*PROBLEM STATEMENT:* Would you return every entry below exactly as written, without its images?

*DATA SECTION:*
......

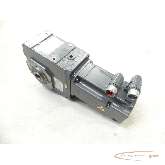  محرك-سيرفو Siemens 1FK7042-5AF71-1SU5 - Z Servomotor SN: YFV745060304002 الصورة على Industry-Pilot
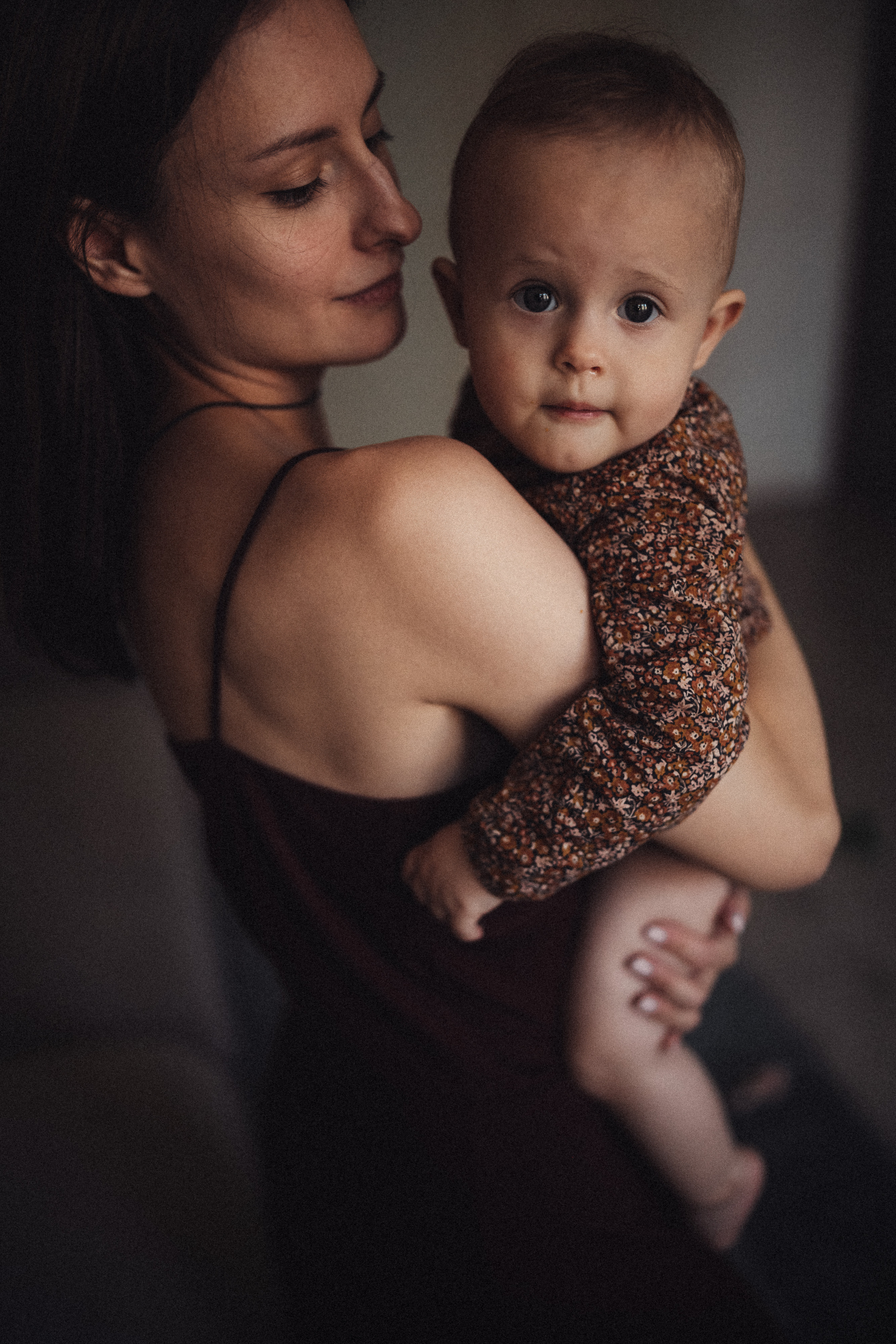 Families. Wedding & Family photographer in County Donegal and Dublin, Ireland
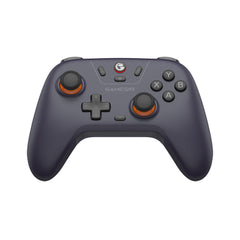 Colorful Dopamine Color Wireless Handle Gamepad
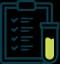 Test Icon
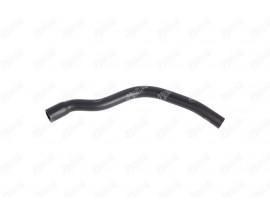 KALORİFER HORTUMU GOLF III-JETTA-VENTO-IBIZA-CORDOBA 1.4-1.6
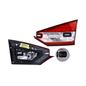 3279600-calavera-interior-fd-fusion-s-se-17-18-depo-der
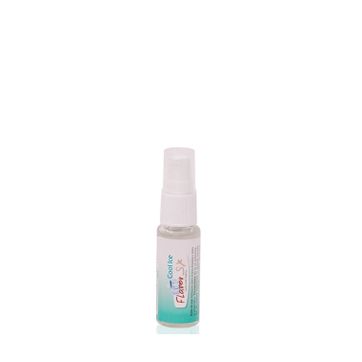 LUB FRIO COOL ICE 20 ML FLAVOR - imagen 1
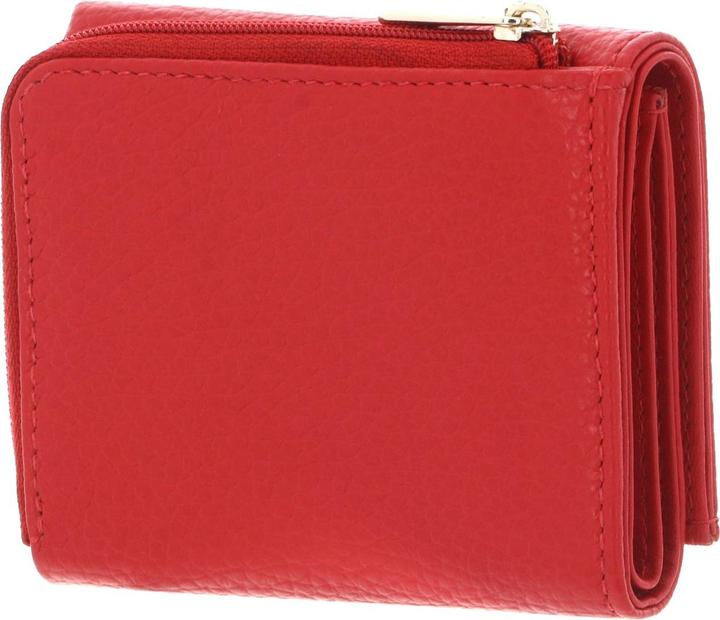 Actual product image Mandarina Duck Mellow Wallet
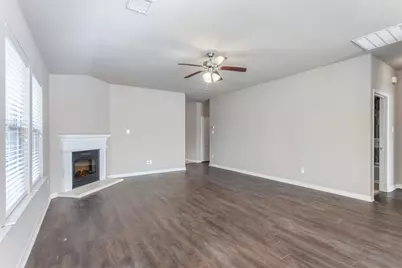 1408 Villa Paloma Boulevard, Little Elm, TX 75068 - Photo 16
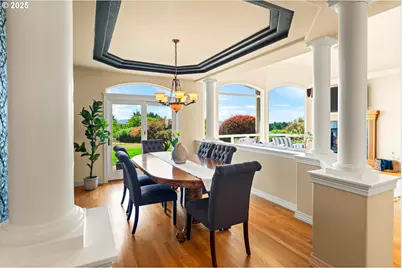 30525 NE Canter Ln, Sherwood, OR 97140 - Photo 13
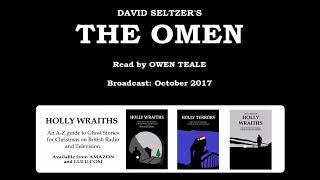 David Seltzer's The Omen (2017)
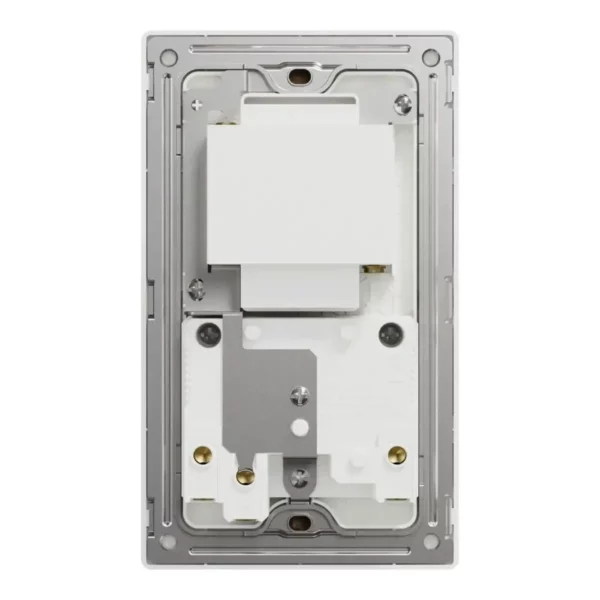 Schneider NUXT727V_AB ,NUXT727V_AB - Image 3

......

*REPLY TO THE EXERCISE:*
  محرك-سيرفو Siemens 1FK7042-5AF71-1SU5 - Z Servomotor SN: YFV745060304002 الصورة على Industry-Pilot
 Families. Wedding & Family photographer in County Donegal and Dublin, Ireland
 Colorful Dopamine Color Wireless Handle Gamepad
 Test Icon
 KALORİFER HORTUMU GOLF III-JETTA-VENTO-IBIZA-CORDOBA 1.4-1.6
 3279600-calavera-interior-fd-fusion-s-se-17-18-depo-der
 LUB FRIO COOL ICE 20 ML FLAVOR - imagen 1
 Actual product image Mandarina Duck Mellow Wallet
 1408 Villa Paloma Boulevard, Little Elm, TX 75068 - Photo 16
 30525 NE Canter Ln, Sherwood, OR 97140 - Photo 13
 David Seltzer's The Omen (2017)
 Schneider NUXT727V_AB ,NUXT727V_AB - Image 3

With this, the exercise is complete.